Georgia law allows trial courts in domestic and other actions to assess attorney’s fees against a party for pursuing frivolous litigation in two contexts. First, “reasonable and necessary attorney’s fees and expenses of litigation shall be awarded to any party against whom another party has asserted a claim, defense, or other position with respect to which there existed such a complete absence of any justiciable issue of law or fact that it could not be reasonably believed that a court would accept the asserted claim, defense, or other position.”(1) Second, a court “may assess reasonable and necessary attorney’s fees and expenses of litigation in any civil action … [if] it finds that an attorney or party brought or defended an action, or any part thereof, that lacked substantial justification or that the action, or any part thereof, was interposed for delay or harassment, or if it finds that an attorney or party unnecessarily expanded the proceeding by other improper conduct, including, but not limited to, abuses of discovery procedures…”(2) In both situations, however, no fees may be assessed against a party “as to any claim or defense which the court determines was asserted by said attorney or party in a good faith attempt to establish a new theory of law in Georgia if such new theory of law is based on some recognized precedential or persuasive authority.”(3)

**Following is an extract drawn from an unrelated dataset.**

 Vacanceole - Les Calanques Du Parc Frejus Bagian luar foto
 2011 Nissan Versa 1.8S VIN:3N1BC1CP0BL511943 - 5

The success or failure of the statutory defense to a frivolous litigation charge accordingly will hinge on whether the party’s cited statute, rule, or case suffices as “some recognized precedential or persuasive authority” within the meaning of the statute. The nature and degree of precedential authority will vary depending on whether controlling authority already exists as to the point at issue.
If controlling authority does not exist, the party asserting the novel claim or defense should be able to rely on almost any statute or published appellate decision which arguably supports her position.(4) In that regard, a novel claim or defense supported by interpretation of a statute will suffice where the statute does not speak explicitly to the issue at hand, has not previously been interpreted with respect to that issue, and finds some support for the party’s argument gleaned from the text or purpose of the statute(5)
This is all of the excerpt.